ÖZBEKİSTAN'DA EVLENMİŞ 4 ÇOCUK SAHİBİ OLMUŞ

Selimov, 3- 4 ay süren araştırmanın ardından ailesini bularak Özbekistan'da yaşamaya başlamış. Burada evlenip 4 çocuk sahibi olduğunu kaydeden Selimov, Fergana’da yaşanan olayların ardından 1989 yılında Rusya’ya, ardından da Azerbaycan’a göç etmek zorunda kaldığını anlattı. 1996 yılında eşini kaybeden Milaz Selimov, çocuklarının başka ülkelere çalışmak için gitmesinin ardından 1999 yılında oğlu Ali Selim ve ailesi ile birlikte Türkiye’ye sığındığını söyledi.

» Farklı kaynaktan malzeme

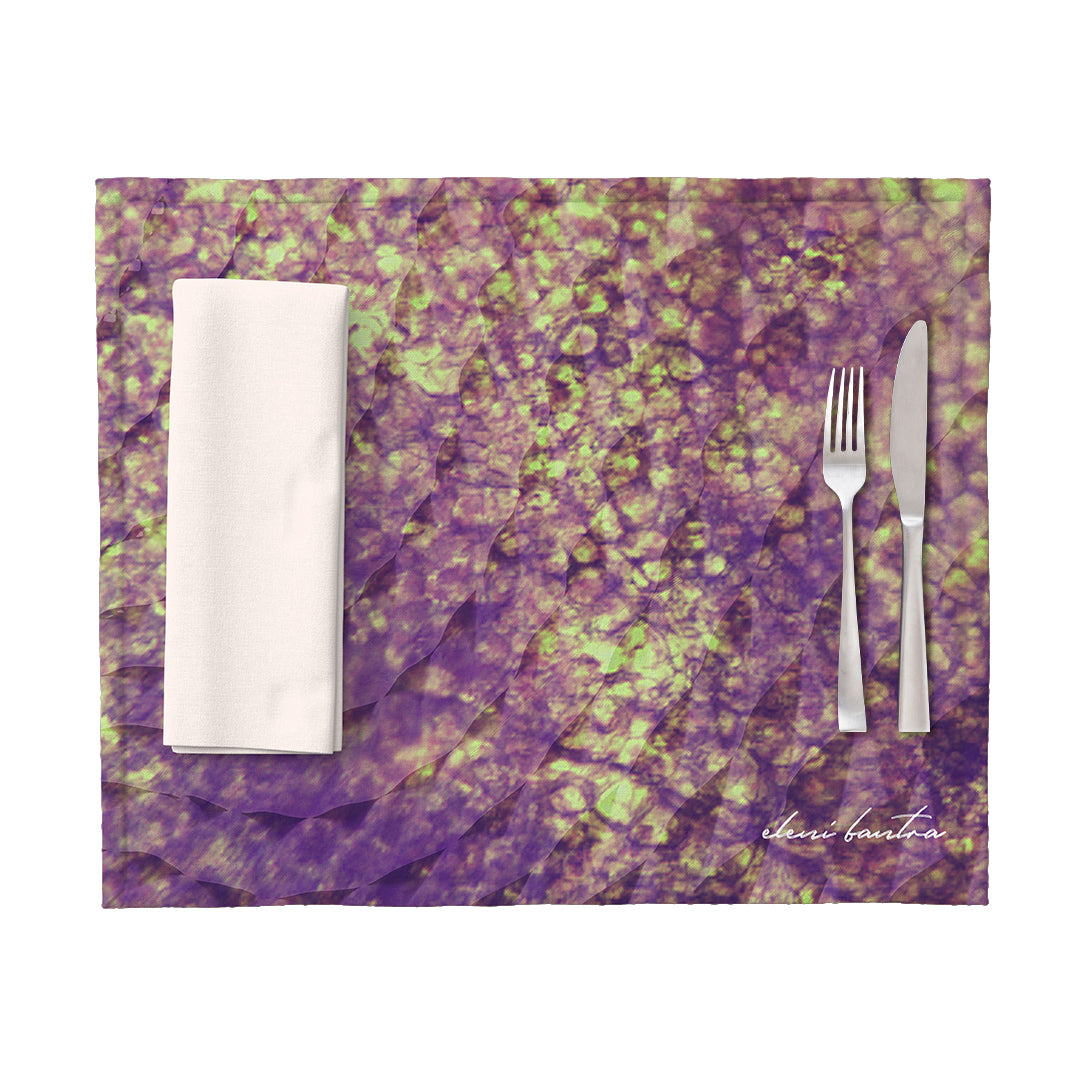 Figus Carica 5x Placemats (Set of 2)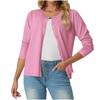 Women's Fashion Casual Comfortable Long Sleeve Cardigan Jacket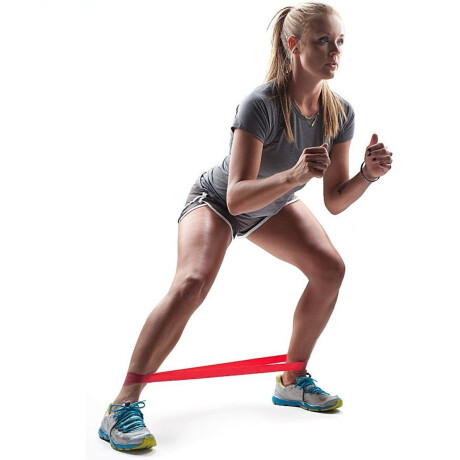 Mini Band Circular Banda Elástica Yoga Pilates Baja Mini Band Circular Banda Elástica Yoga Pilates Baja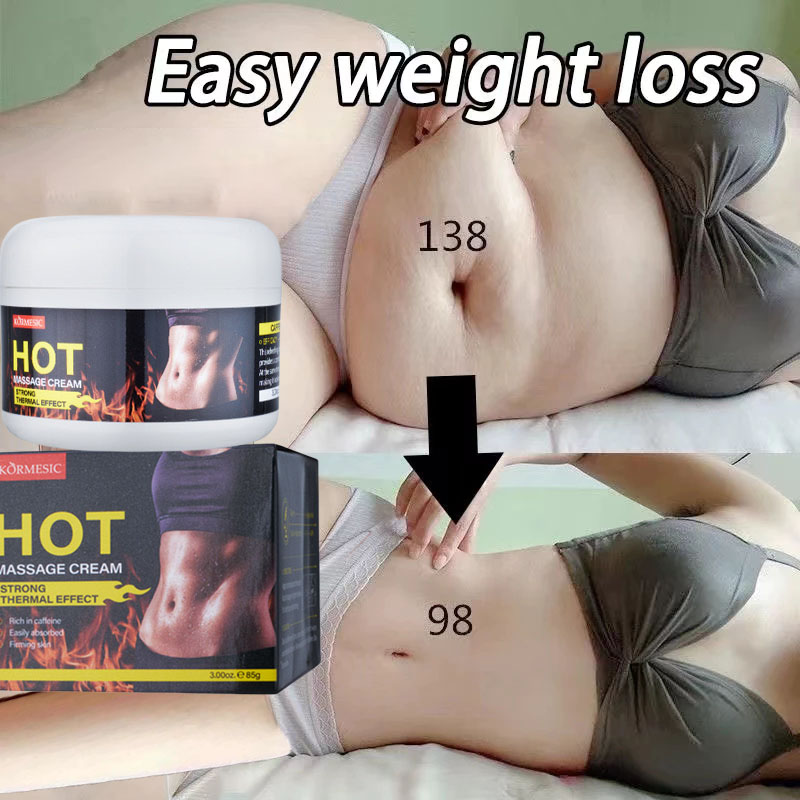 Kem Tan Mỡ Slimming Cream Kem Tan Mỡ Bụng Kem Giảm Béo Toàn Thân Nhanh Chóng Hiệu Quả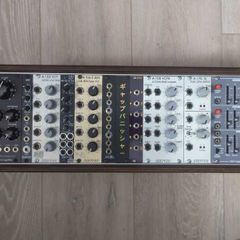 Eurorack custom filter bank (bundle)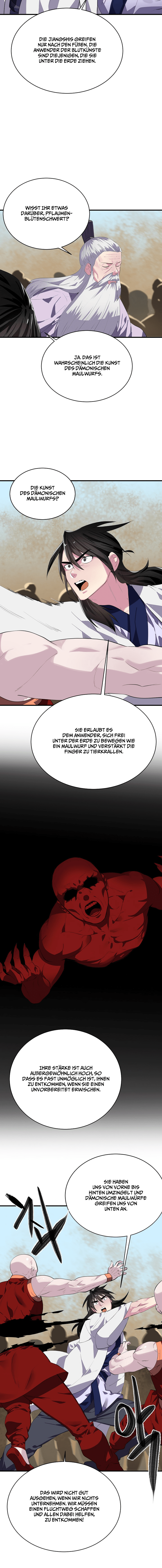Read Volcanic Age DE Manga Online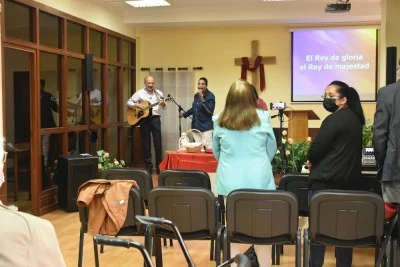 Iglesia Evangelica Bautista de Miranda de Ebro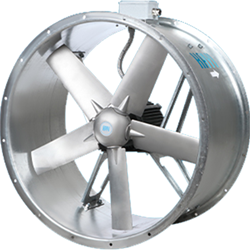 TAXI rookgas ventilator max. 54570 m3/h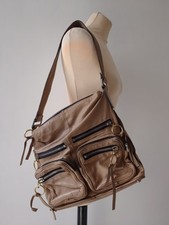 Chloe Betty Handbag Boho Travel Festival Loads of Pockets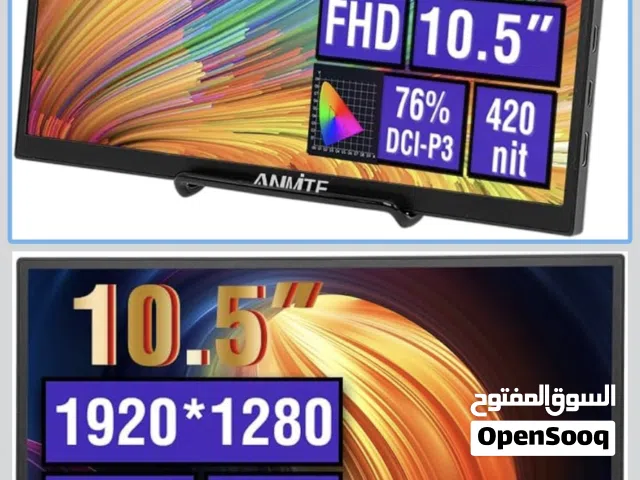 شاشه 10.5 انش ثانويه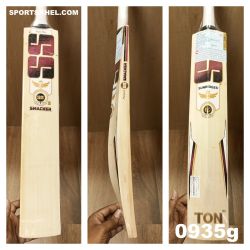 SS GG Smacker English Willow Cricket Bat Size 6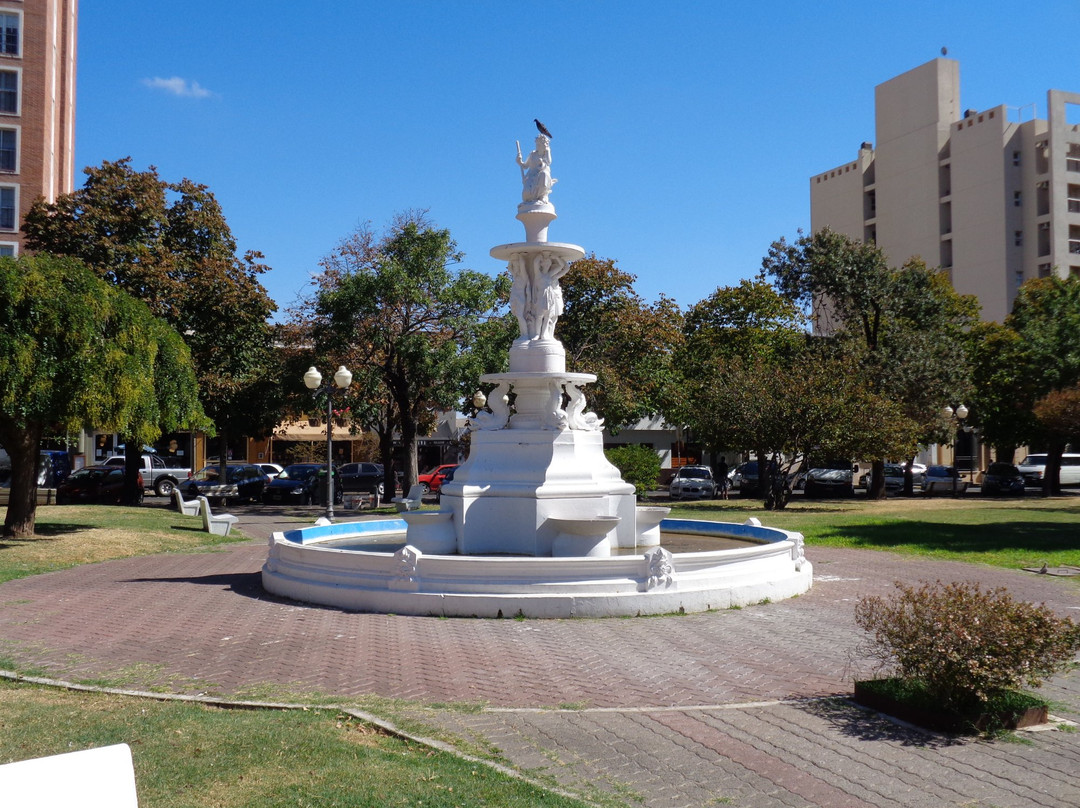 Plaza Mitre景点图片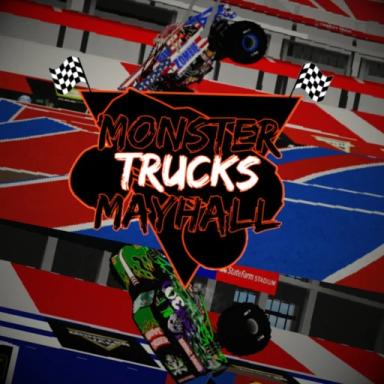 Monster Trucks MayHall   icon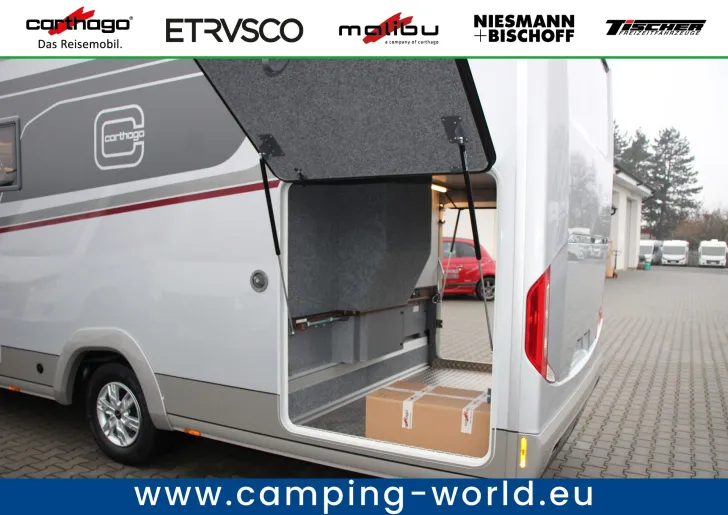 Fahrzeugbild Carthago chic s-plus I 61 XL LE #18
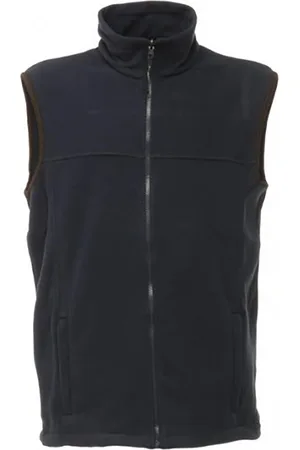 Regatta Haber ii full-zip bodywarmer fleece anti-pill jacket (250 gsm)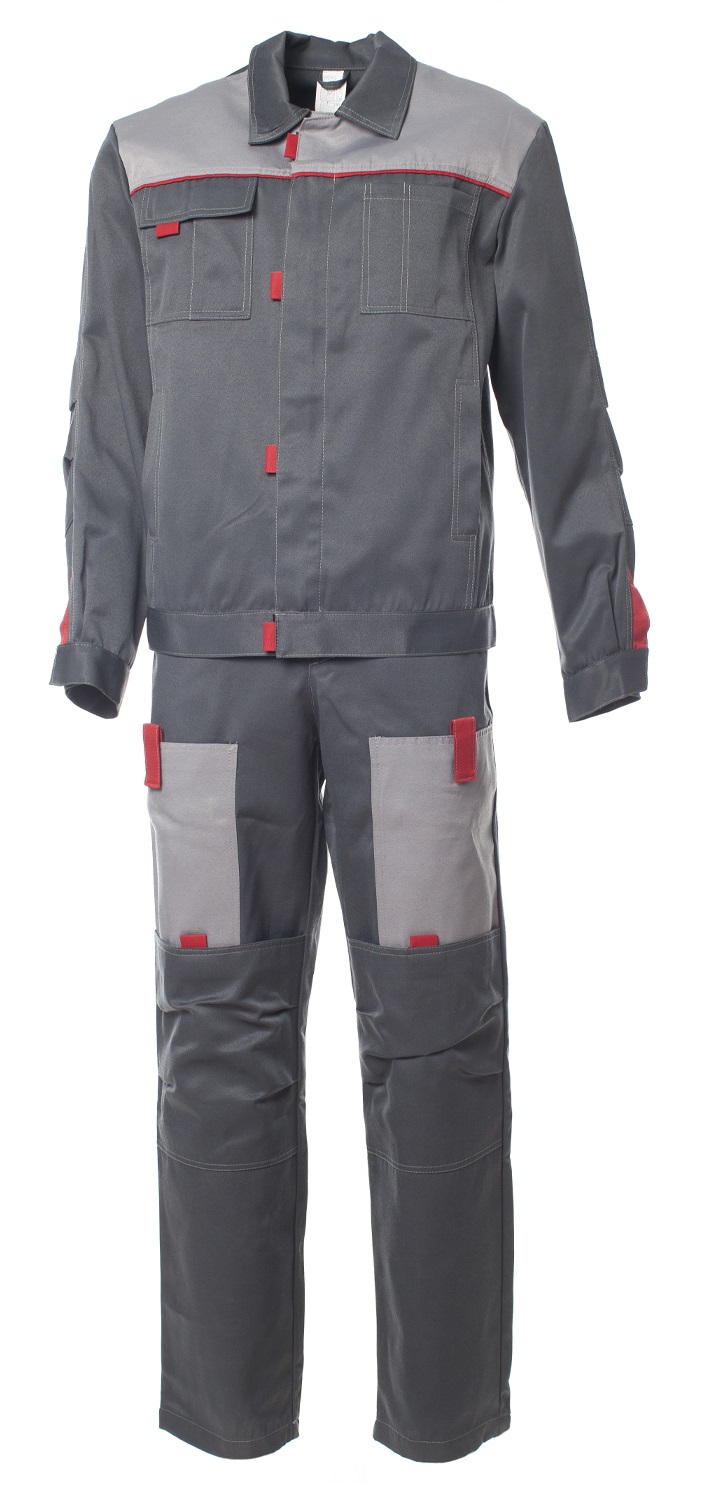 Костюм ФАВОРИТ-2 с ПК (т.серый)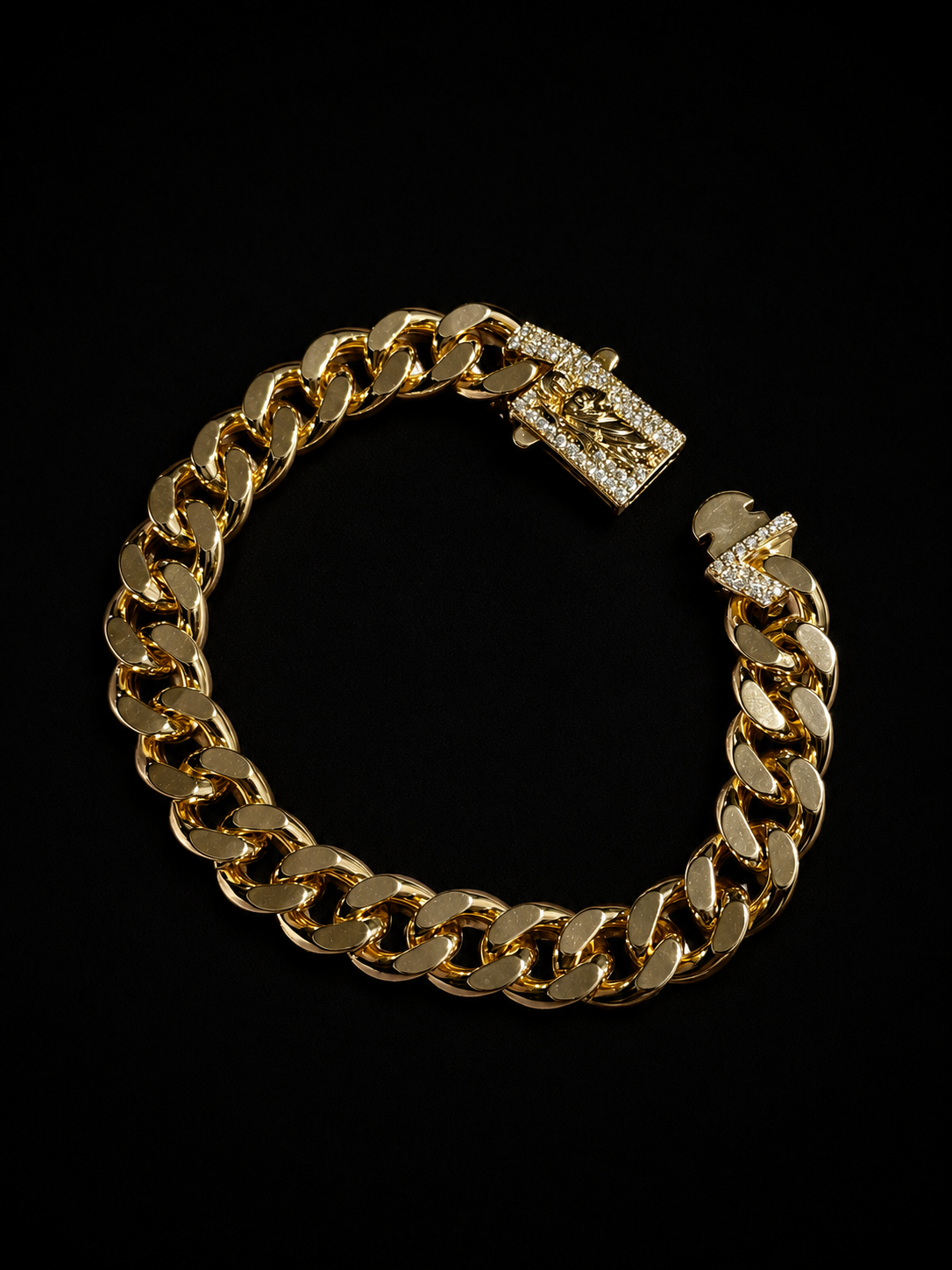 San Judas Mónaco Bracelet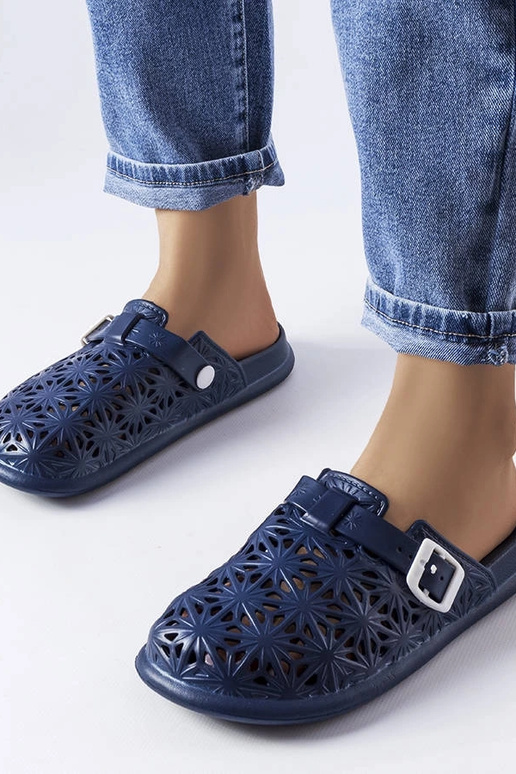 Meresinine ažuurne kummist Peverell...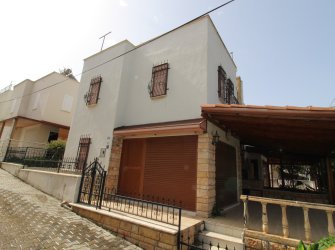 DİDİM MAVİŞEHİR 3+1 AYRI MUTFAK SATILIK VİLLA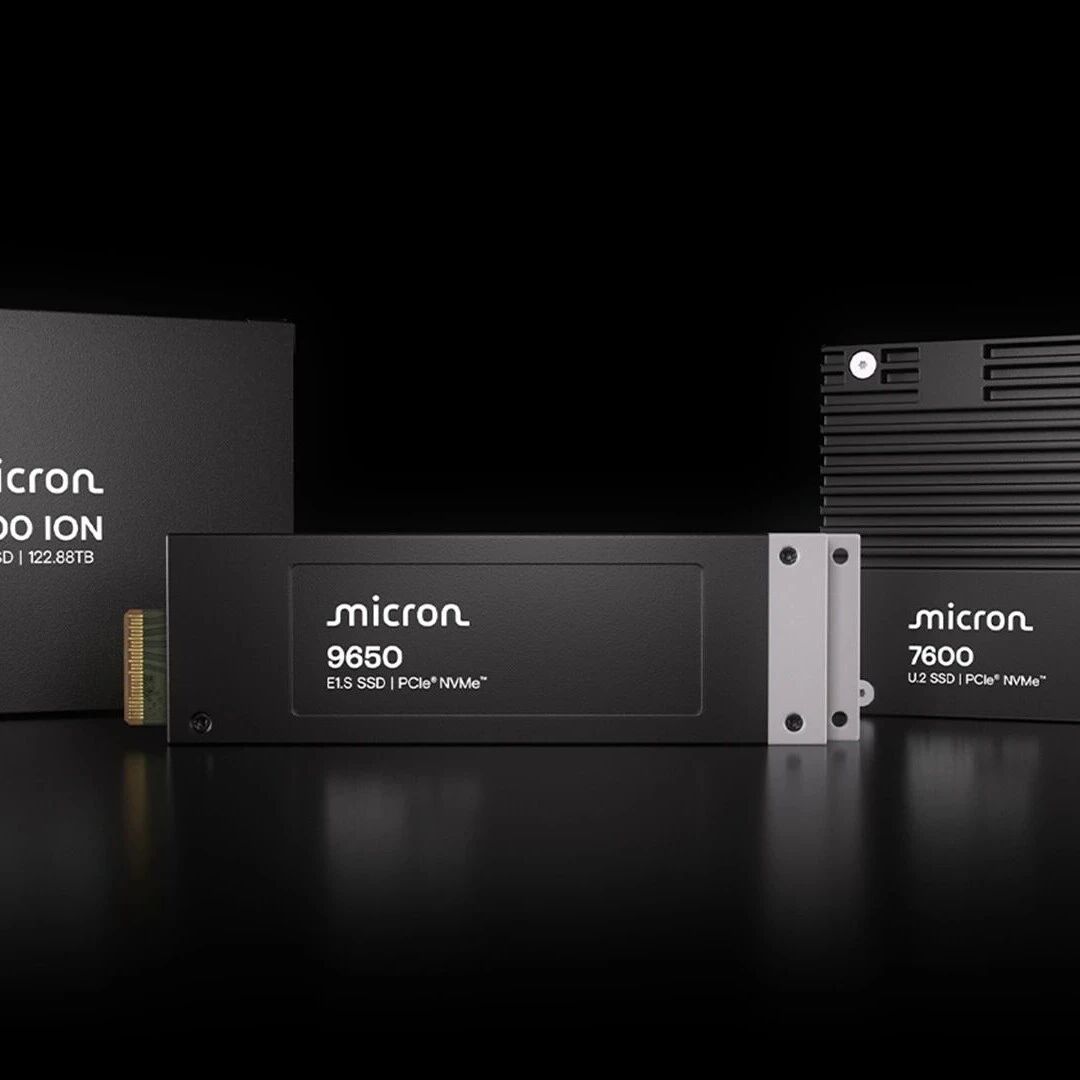 官宣：全球首款 PCIe 6.0  SSD 量产！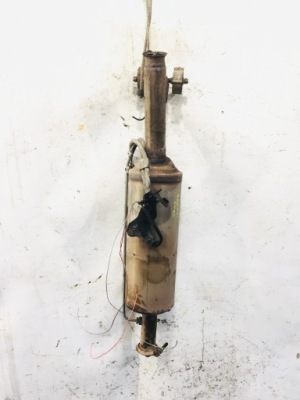 Фільтр dpf fap f026 peugeot 308 ii t9 1,6 blue hdi фото №1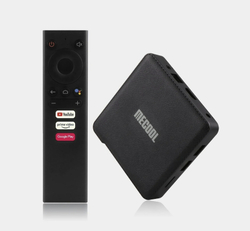 Смарт - приставка MECOOL KM1 COLLECTIVE 4/64Gb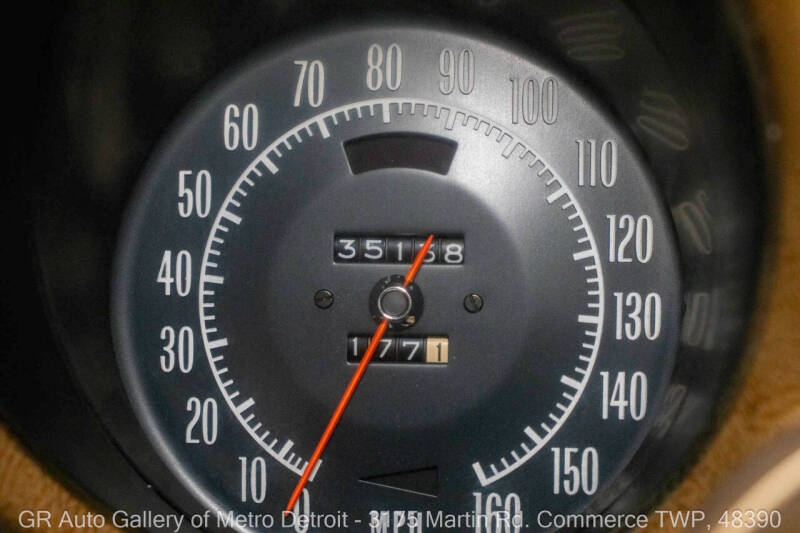 1974 Chevrolet Corvette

Türkiye Cumhuriyeti vatandaşı olmak için başvuruların kabul edilmediğini belirten Selimov, hiçbir sosyal güvencesi bulunmadığını anlattı.

OĞLU BAKIYOR

Artık yürüyemeyecek hale gelen ve yatağa mahkum olan Selimov’a, eşinden ayrılan oğlu Ali Selim bakamaya başladı. Ali Selim, birkaç yıl önce TC kimliği almayı başardığını ancak babasına bakmak zorunda olduğu için 5 aydır çalışamadığını belirtti. Selim şöyle dedi:

"Annemin ölüm kağıtlarını Azerbaycan’da yaşadığımız yangın faciasında kaybettik. Babam, pasaportunda evli görülüyor. Annemin ölümünü belgelemediğimiz için Türkiye’den kimlik alamıyoruz. Babam yıllardır oturma izni ile burada yaşıyor. Son bir yıldır yataktan kalkamadığı için ona bakmak zorundayım. Bu yüzden işimden de çıkartıldım. Kimliği olmadığı için de hiç bir şey yapamıyorum. Birçok kurumu gezdim ama kimse ilgilenmiyor. Babam 2’inci Dünya Savaşı’nda faşizme karşı savaşmış ve birçok madalya kazanmış. Gazilik belgesi var. Babam bu dünya için değerli olan insanlardan biri. Türkiye’de kimse bunu umursamıyor. Yetkililerden ilgi bekliyoruz."